[mlpack-git] master: Test with regular kd-trees and cover trees. The test conditions for the cover tree need to be adapted a little bit. (905be1e)

gitdub at big.cc.gt.atl.ga.us gitdub at big.cc.gt.atl.ga.us
Thu Mar 12 16:05:04 EDT 2015


Repository : https://github.com/mlpack/mlpack

On branch  : master
Link       : https://github.com/mlpack/mlpack/compare/eddd7167d69b6c88b271ef2e51d1c20e13f1acd8...70342dd8e5c17e0c164cfb8189748671e9c0dd44

>---------------------------------------------------------------

commit 905be1e61438ab1e677d325003eb875b090a8540
Author: Ryan Curtin <ryan at ratml.org>
Date:   Mon Feb 16 15:33:57 2015 -0500

    Test with regular kd-trees and cover trees.

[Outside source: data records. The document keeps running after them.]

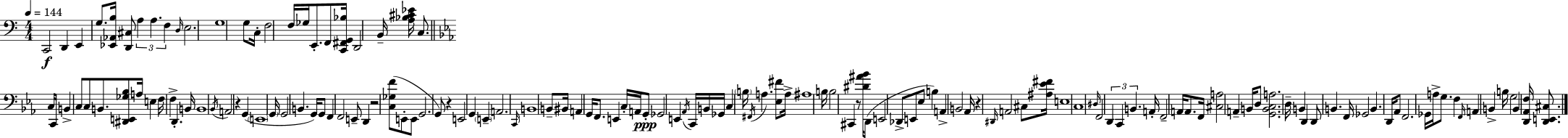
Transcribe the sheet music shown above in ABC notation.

X:1
T:Untitled
M:4/4
L:1/4
K:Am
C,,2 D,, E,, G,/2 [_E,,_A,,B,]/4 [D,,^C,]/2 A, A, F, D,/4 E,2 G,4 G,/2 C,/4 F,2 F,/4 _G,/4 E,,/2 F,,/2 [C,,^F,,G,,_B,]/4 D,,2 B,,/4 [A,_B,^C_E]/4 C,/2 C,/4 C,,/4 B,, C,/2 C,/2 B,,/2 [^D,,E,,_G,_B,]/2 A,/4 E, F,/4 F, D,, B,,/4 B,,4 _B,,/4 A,,2 z G,, E,,4 G,,/4 G,,2 B,, G,,/4 G,,/2 F,, F,,2 E,,/2 D,, z2 [C,_G,F]/2 E,,/2 E,,/2 G,,2 G,,/2 z E,,2 G,, E,, A,,2 C,,/4 B,,4 B,,/2 ^B,,/4 A,, G,,/4 F,,/2 E,, C,/4 A,,/4 G,,/2 _G,,2 E,, _A,,/4 C,,/4 B,,/4 _G,,/4 C, B,/4 ^F,,/4 A, [_E,^F]/2 A,/4 ^A,4 B,/4 B,2 ^C,, z/2 [^D^A_B]/4 D,,/2 E,,2 _D,,/2 E,,/2 _E,/2 B, A,, B,,2 _A,,/4 z ^D,,/4 A,,2 ^C,/2 [^A,_E^F]/4 E,4 C,4 ^D,/4 F,,2 D,, C,, B,, A,,/4 F,,2 A,,/4 A,,/2 F,,/4 [^C,A,]2 A,, B,,/4 D,/2 [G,,B,,C,A,]2 D,/4 B,, D,, D,,/2 B,, F,,/4 _G,,2 B,, D,,/4 _A,,/2 F,,2 _G,,/4 A,/4 G,/2 F, F,,/4 A,, B,, B,/4 G,2 B,, [D,,_A,,F,]/4 [D,,E,,^C,]/2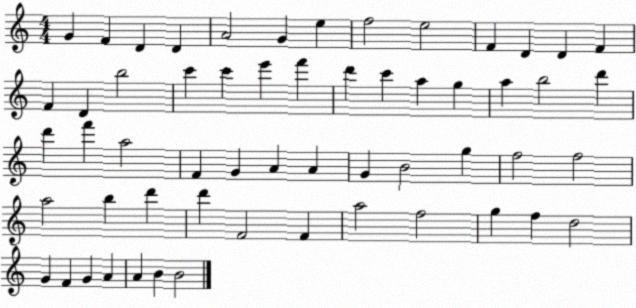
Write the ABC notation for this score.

X:1
T:Untitled
M:4/4
L:1/4
K:C
G F D D A2 G e f2 e2 F D D F F D b2 c' c' e' f' d' c' a g a b2 d' d' f' a2 F G A A G B2 g f2 f2 a2 b d' d' F2 F a2 f2 g f d2 G F G A A B B2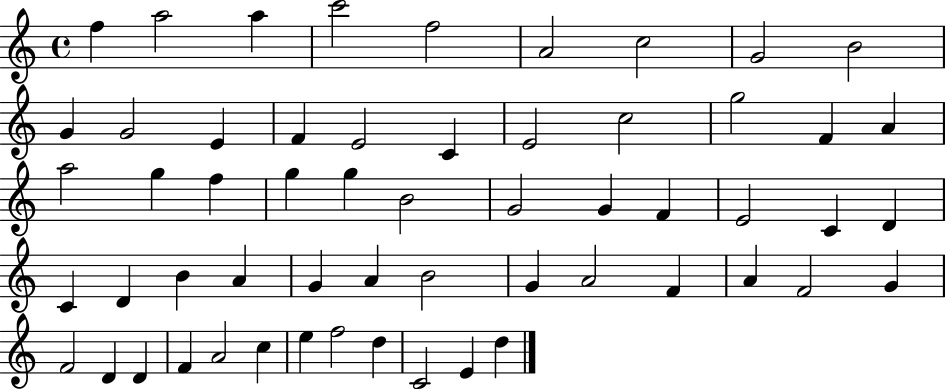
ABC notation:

X:1
T:Untitled
M:4/4
L:1/4
K:C
f a2 a c'2 f2 A2 c2 G2 B2 G G2 E F E2 C E2 c2 g2 F A a2 g f g g B2 G2 G F E2 C D C D B A G A B2 G A2 F A F2 G F2 D D F A2 c e f2 d C2 E d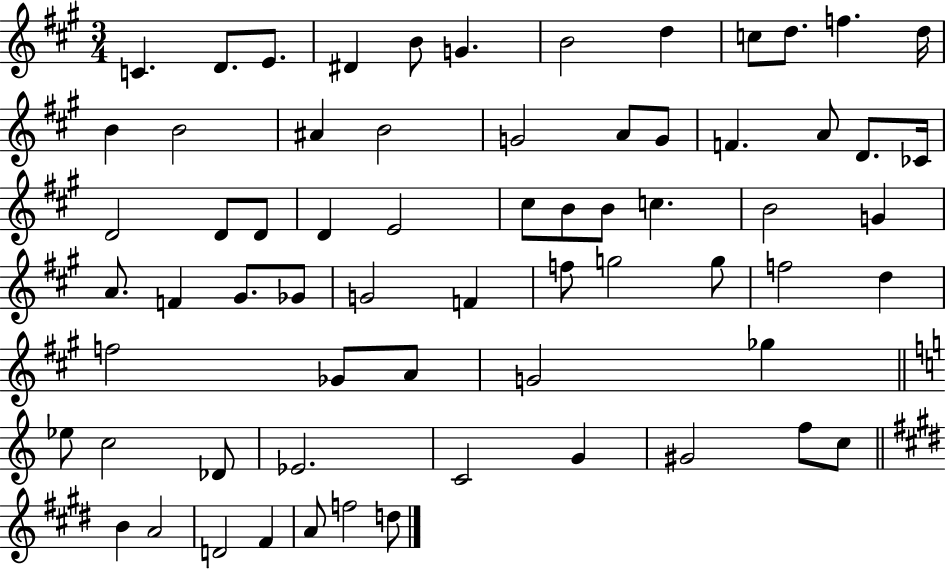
C4/q. D4/e. E4/e. D#4/q B4/e G4/q. B4/h D5/q C5/e D5/e. F5/q. D5/s B4/q B4/h A#4/q B4/h G4/h A4/e G4/e F4/q. A4/e D4/e. CES4/s D4/h D4/e D4/e D4/q E4/h C#5/e B4/e B4/e C5/q. B4/h G4/q A4/e. F4/q G#4/e. Gb4/e G4/h F4/q F5/e G5/h G5/e F5/h D5/q F5/h Gb4/e A4/e G4/h Gb5/q Eb5/e C5/h Db4/e Eb4/h. C4/h G4/q G#4/h F5/e C5/e B4/q A4/h D4/h F#4/q A4/e F5/h D5/e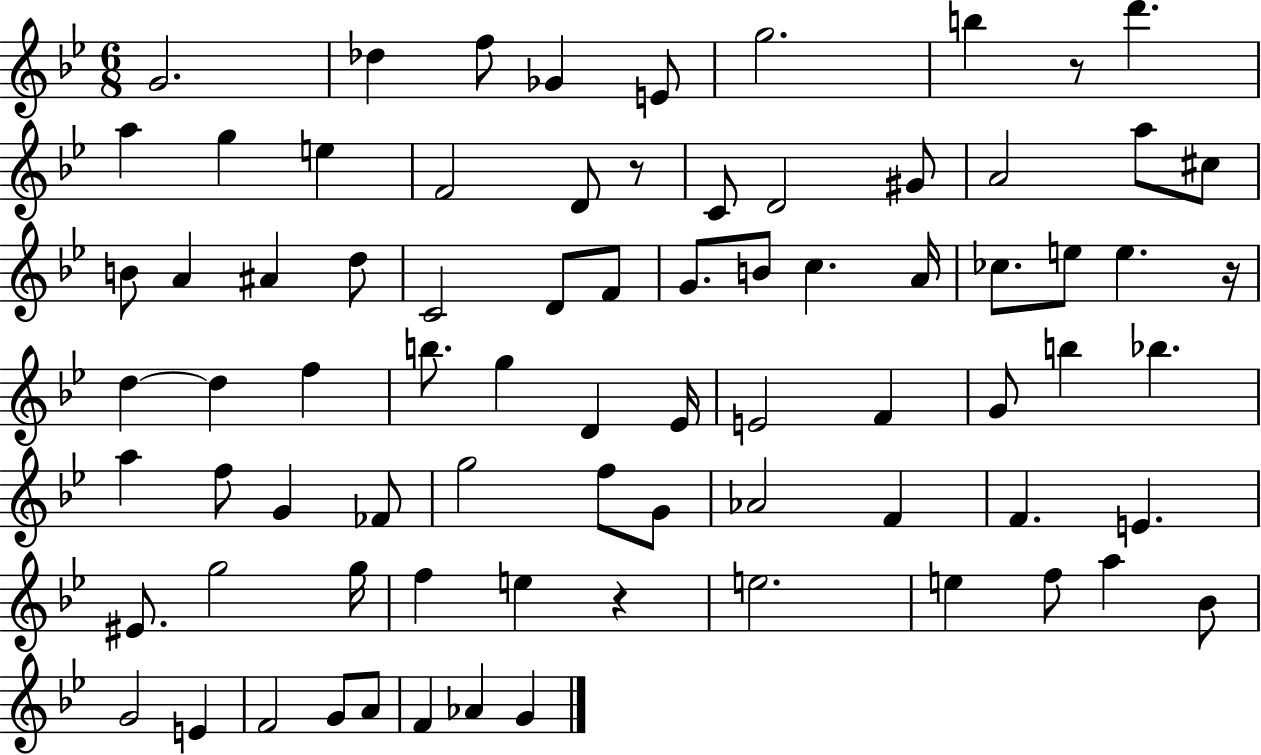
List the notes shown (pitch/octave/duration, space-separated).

G4/h. Db5/q F5/e Gb4/q E4/e G5/h. B5/q R/e D6/q. A5/q G5/q E5/q F4/h D4/e R/e C4/e D4/h G#4/e A4/h A5/e C#5/e B4/e A4/q A#4/q D5/e C4/h D4/e F4/e G4/e. B4/e C5/q. A4/s CES5/e. E5/e E5/q. R/s D5/q D5/q F5/q B5/e. G5/q D4/q Eb4/s E4/h F4/q G4/e B5/q Bb5/q. A5/q F5/e G4/q FES4/e G5/h F5/e G4/e Ab4/h F4/q F4/q. E4/q. EIS4/e. G5/h G5/s F5/q E5/q R/q E5/h. E5/q F5/e A5/q Bb4/e G4/h E4/q F4/h G4/e A4/e F4/q Ab4/q G4/q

The test conditions for the cover tree need to be adapted a little bit.


>---------------------------------------------------------------

905be1e61438ab1e677d325003eb875b090a8540
 src/mlpack/tests/kmeans_test.cpp | 218 ++++++++++++++++++++++++++++++++++++++-
 1 file changed, 217 insertions(+), 1 deletion(-)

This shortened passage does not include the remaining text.